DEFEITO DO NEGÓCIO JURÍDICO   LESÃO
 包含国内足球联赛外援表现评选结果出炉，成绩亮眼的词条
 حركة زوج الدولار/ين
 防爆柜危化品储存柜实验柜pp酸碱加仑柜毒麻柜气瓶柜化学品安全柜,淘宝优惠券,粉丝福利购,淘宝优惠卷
***
**TASK DETAILS:**
Write the "包含国内足球联赛外援表现评选结果出炉，成绩亮眼的词条" line and all later lines exactly. Stop at the end of the data.

**WRITTEN SOLUTION:**
 包含国内足球联赛外援表现评选结果出炉，成绩亮眼的词条
 حركة زوج الدولار/ين
 防爆柜危化品储存柜实验柜pp酸碱加仑柜毒麻柜气瓶柜化学品安全柜,淘宝优惠券,粉丝福利购,淘宝优惠卷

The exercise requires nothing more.